具体的には、以下の二つの先進センサが搭載されています:
- TANSO-3(温室効果ガス観測センサ3型):CO₂、CH₄、NO₂の柱平均濃度を高解像度で面観測。
- AMSR3(高性能マイクロ波放射計3):水蒸気・降水量・海面水温・降雪量などの水循環関連パラメータを観測。
特にTANSO-3は、従来の「サンプリング型」から「イメージング型」へのパラダイム転換を実現し、排出源の“可視化”を大きく前進させています。

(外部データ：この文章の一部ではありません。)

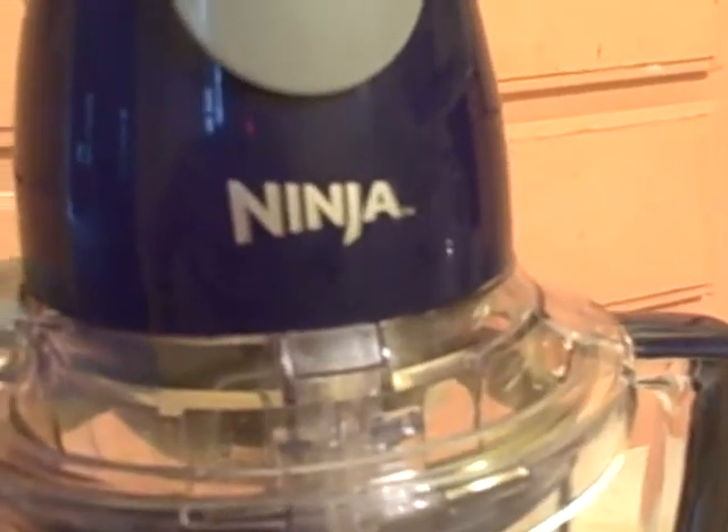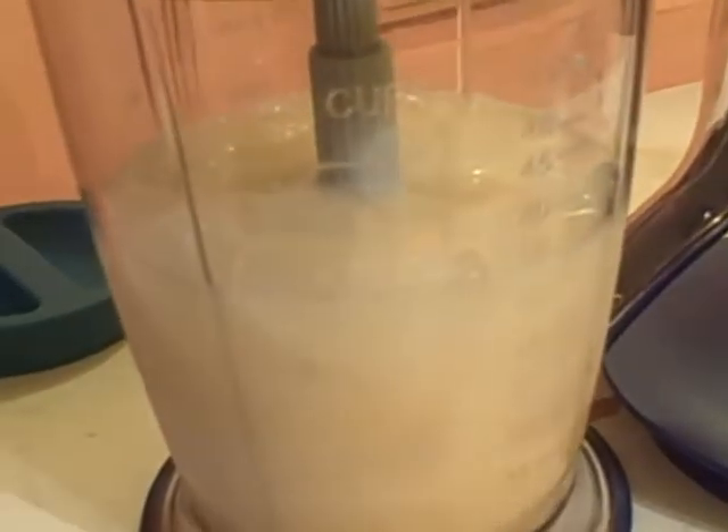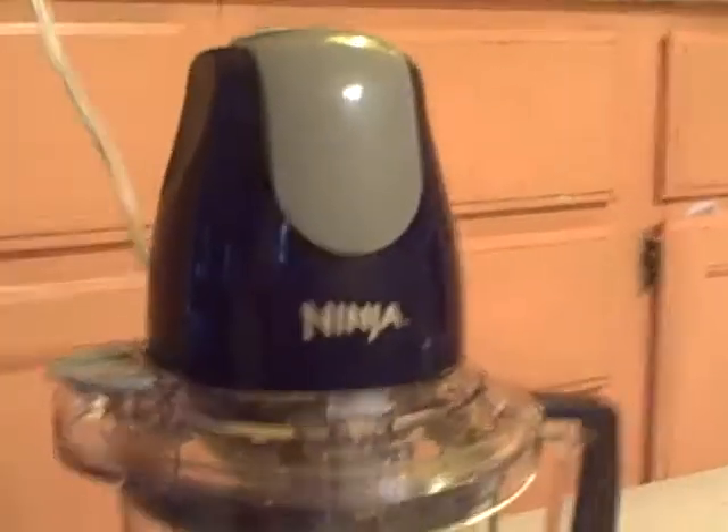I'm gonna be making an orange smoothie in the Ninja Master Prep. Inside I have some ice cubes, some orange juice, some milk, and that's it. Let's give it a whirl.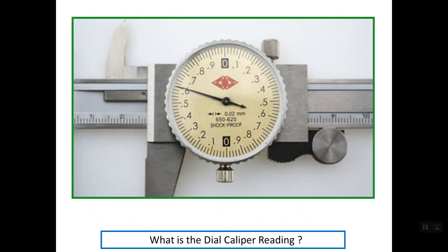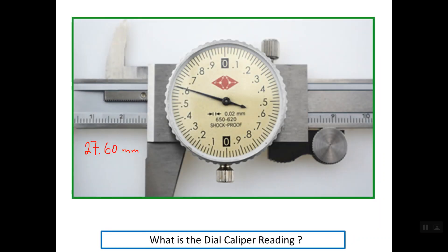Let's see this example: the main scale reading is simply 27 mm and the dial reading is 0.60 mm, giving a total of 27.60 mm. This is the way to read the two scales of the dial caliper in order to get the total reading. Thanks a lot for watching. Goodbye.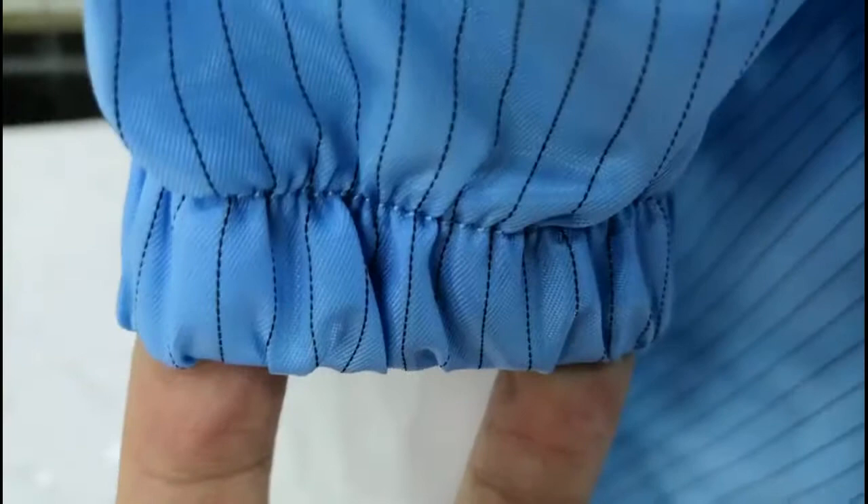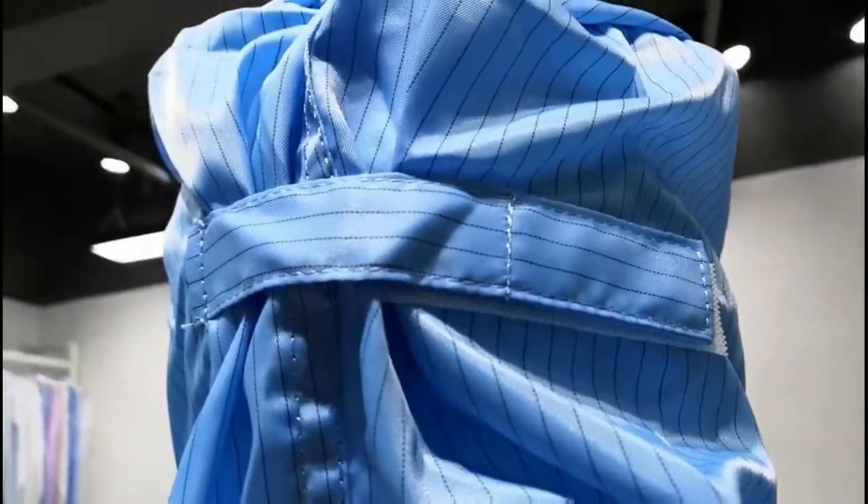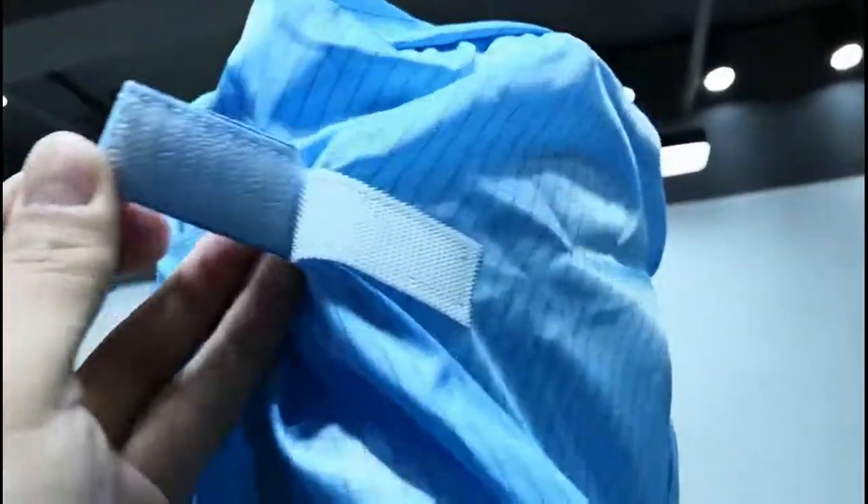We have elastic here, here, and here, to make it super flexible. You can adjust the size of the hood by adjusting this part.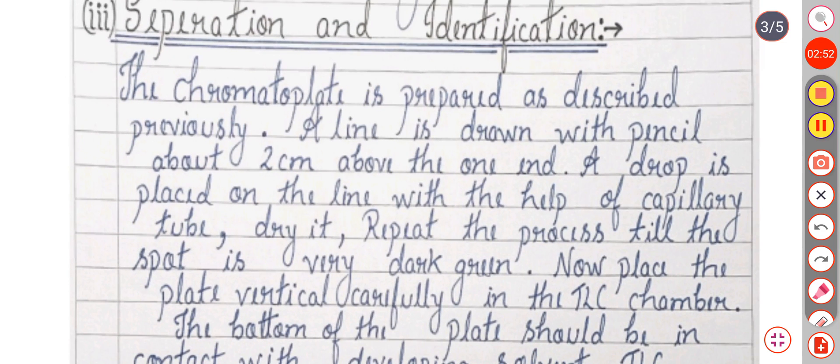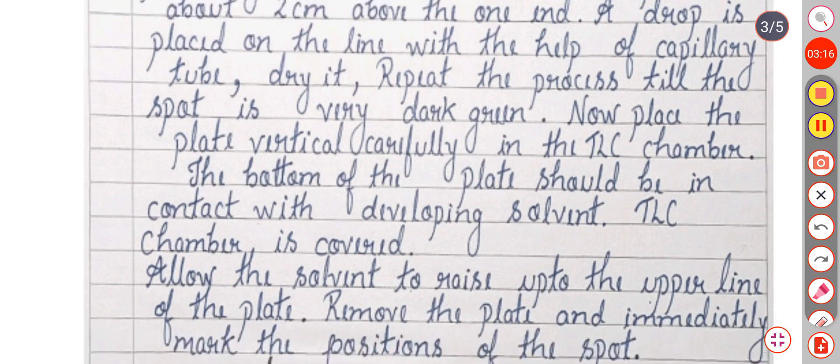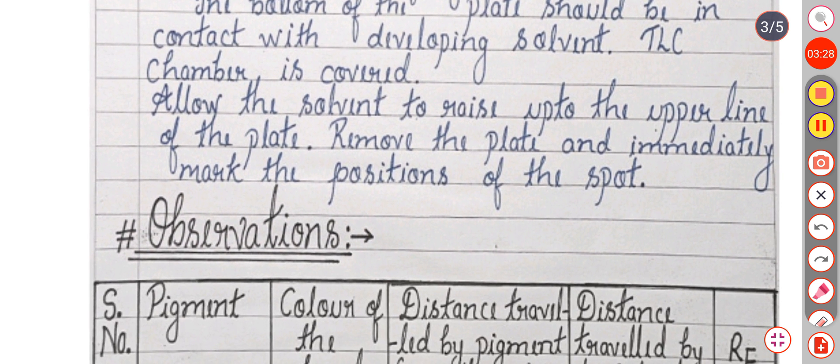The third step is separation and identification. The chromatographic plate is prepared as described. A line is drawn with a pencil about 2 cm above one end. A drop is placed on the line with the help of a capillary tube. Dry it, then repeat the process until the spot is very dark green. Place the plate vertically and carefully in the TLC chamber. The bottom of the plate should be in contact with the developing solvent and the chamber should be covered. Allow the solvent to rise up to the upper line of the plate, remove the plate and immediately mark the position of the spot.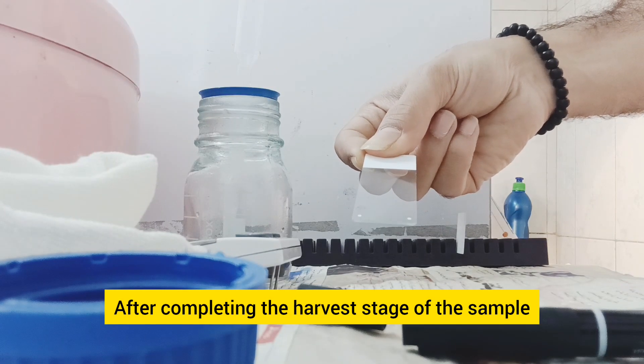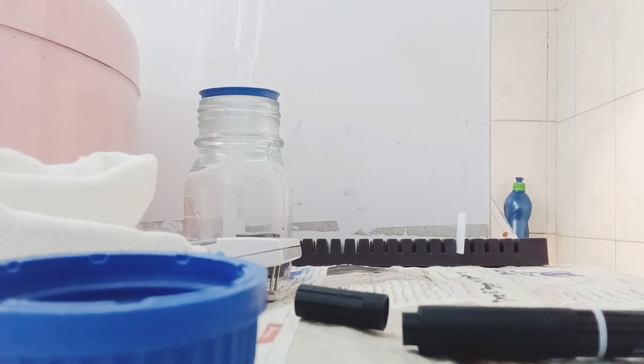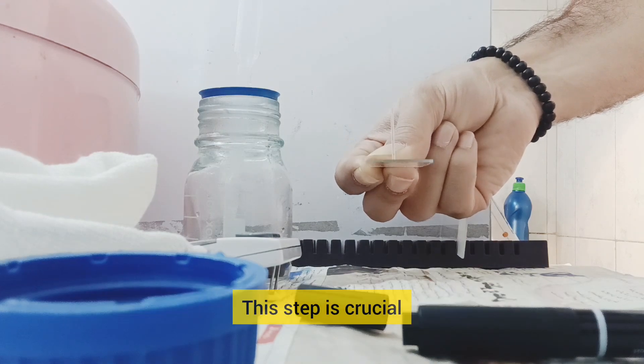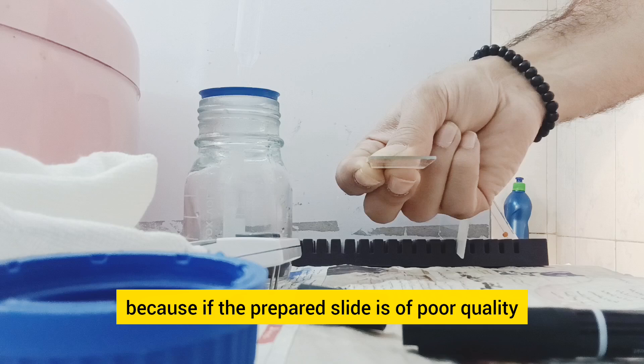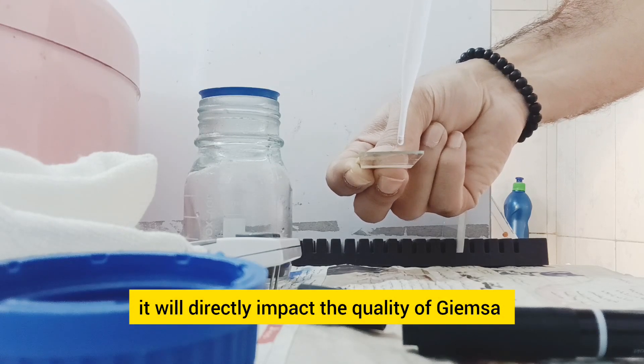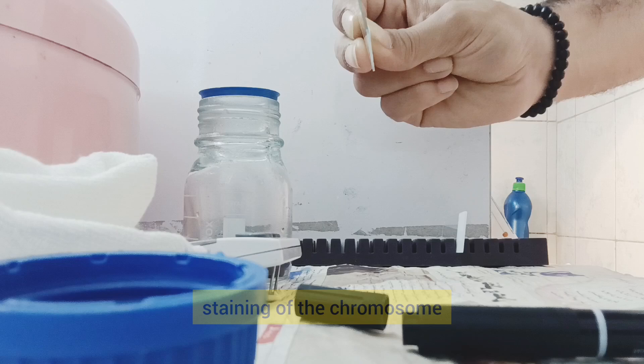After completing the harvest stage of the sample, you need to prepare a glass slate from the obtained pellet. This step is crucial because if the prepared slate is of poor quality, it will directly impact the quality of Giemsa staining of the chromosome.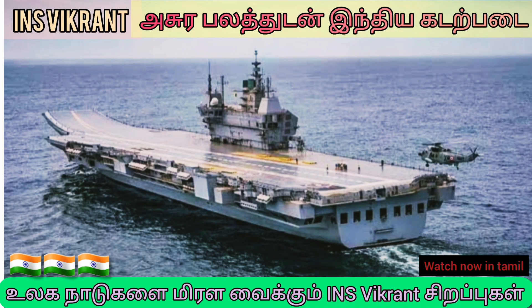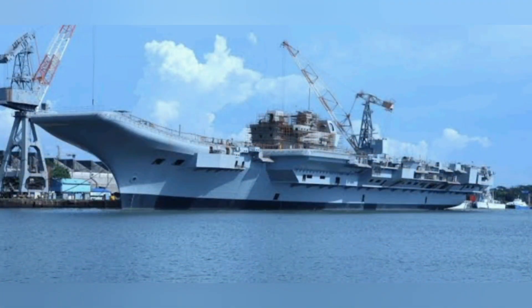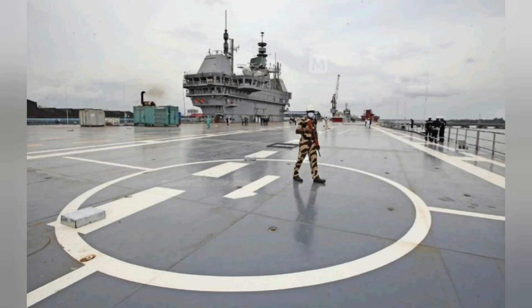Hello friends, welcome back to Manatsa this channel. Today we will see INS Vikrant in this video. And now we are going to show you the video. In this project, we have made this project in 2022.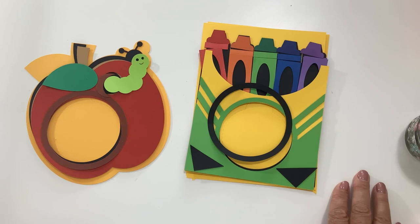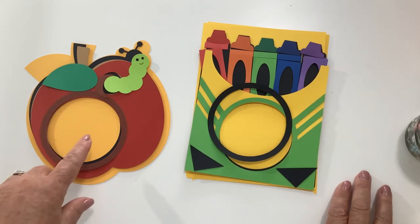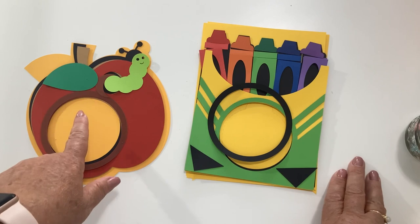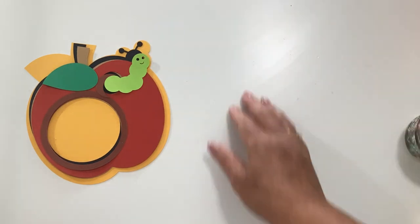One more piece of information: I know that some of you have reached out and you are doing smaller domes, either smaller ornaments or cupcake containers so that you don't have to have the backs, but they are smaller. I do have a video on my YouTube channel that shows you how to resize all of this so that it will fit those smaller domes. I'll put a link to that as well. Today we are going to do an apple with the caterpillar and a crayon box. I'm going to do the apple first because it's a little bit easier, and we're going to do the pull tab.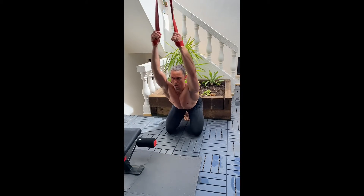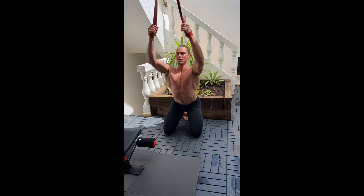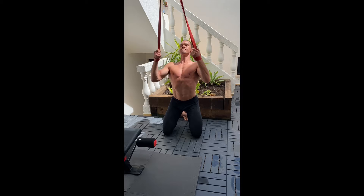In this pull-up primer, pulse for 5 reps with extended arms, 5 reps at the midway point, and 5 reps at what would be the top of the pull-up.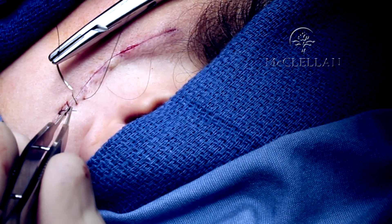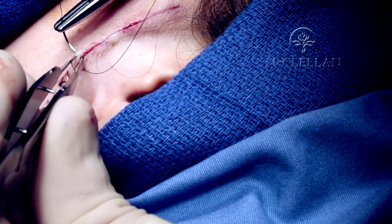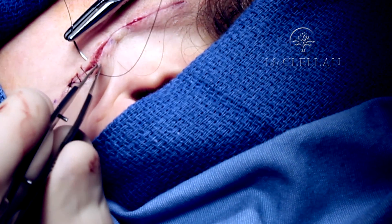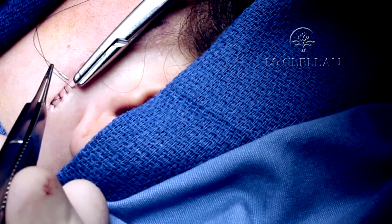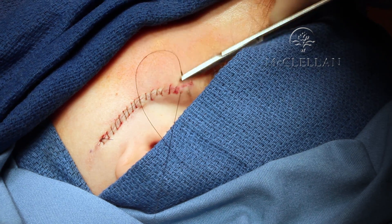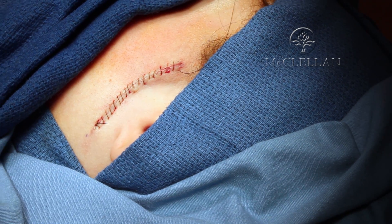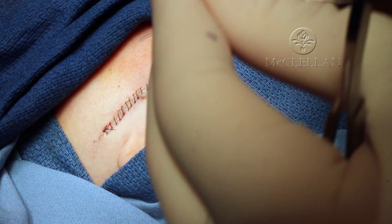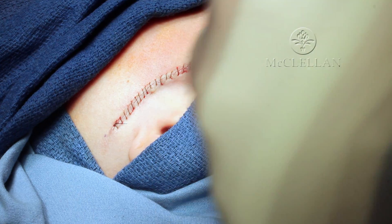Generally I sew from away from myself toward myself. One final throw here — through and across. Notice I'm very gently lifting the skin up with my small forceps; these are 0.3 forceps. Here I am at the final edge of the wound. I'll take one more bite. I can pull up just on the leading suture edge and come straight across as you develop the tension across the suture all the way down.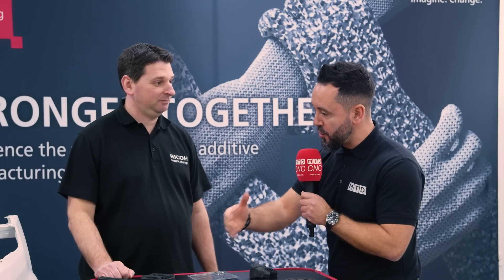Today I'm at Ricoh's Additive Manufacturing Centre on behalf of AMFG and I'm with Enrico, a fellow Italian — it's always great to meet a fellow Italian in the manufacturing industry. Enrico, thank you very much for your time today. I want to touch on some of the composite solutions that you offer.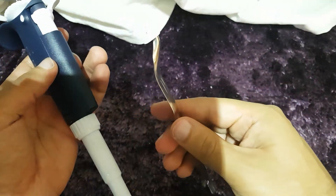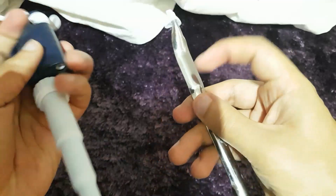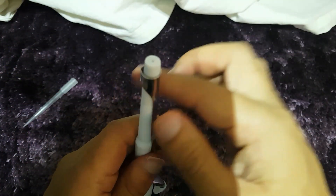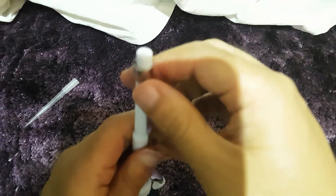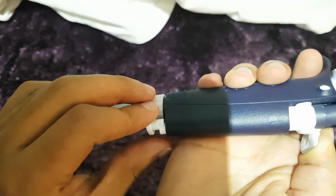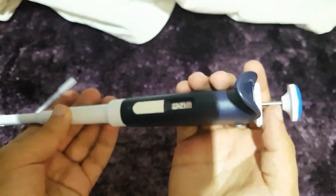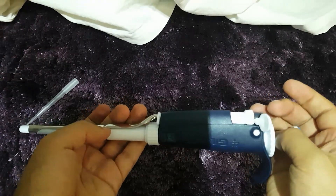Next step, we take the ejector arm. As you can see, the ejector arm has something there. You simply push that through here, slot it into place and wait for the click. There we go — we have our pipette back together again.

▼出典:環境省ecojin 地球を見守る人工衛星!日本が誇る最新技術GOSAT!
GOSAT/GOSAT-2との違いと技術的進化点
GOSAT-GWは、過去のGOSATシリーズの成果と課題を受け継ぎつつ、観測精度・頻度・分解能のすべてにおいて飛躍的な進化を遂げています。
以下に、主要な進化点を示します。
1. 観測方式の進化:点から面へ
- GOSAT/GOSAT-2:フーリエ変換分光計(FTS)による点観測方式(1回に数点のピンポイント観測)
- GOSAT-GW:プッシュブルーム方式の回折格子分光計により、地表を“面”でスキャン可能に
これにより、1回の観測で得られるデータ点数は、従来比で100倍〜1,000倍に拡大。排出源の空間分布や拡散パターンを直接視認できるレベルに達しました。
2. 観測対象の拡張:NO₂の同時観測
GOSAT-GWでは、CO₂・CH₄に加えてNO₂(二酸化窒素)を可視光で同時観測できるのが大きな特長です。
NO₂は化石燃料燃焼と強い相関があり、人為的なCO₂排出の“トレーサー(指紋)”として機能します。
これにより、自然由来の吸収・排出と人為起源排出を区別する分析が可能になります。
3. 観測モードの拡張:ワイドとフォーカスの二段構え
- ワイドモード:911kmの広域観測幅+10kmの空間分解能 → 全球を高頻度カバー(3日で地球一周)
- フォーカスモード:90km幅で最大1kmの超高分解能 → 都市・発電所など特定ターゲットを狙い撃ち
これにより、ホットスポットの特定と精密診断という2つの役割を一台でこなす「戦略+戦術」型の運用が実現されました。
4. データ活用体制の強化:AI・機械学習との連携
NICTやNIESは、GOSAT-GWのデータ解析に機械学習を導入し、NO₂濃度の推定精度や処理速度を大幅に向上させています。
また、逆解析モデル「NISMON」では、観測された濃度データから排出源の分布を数理的に逆算することで、都市や企業レベルの排出推定が可能になっています。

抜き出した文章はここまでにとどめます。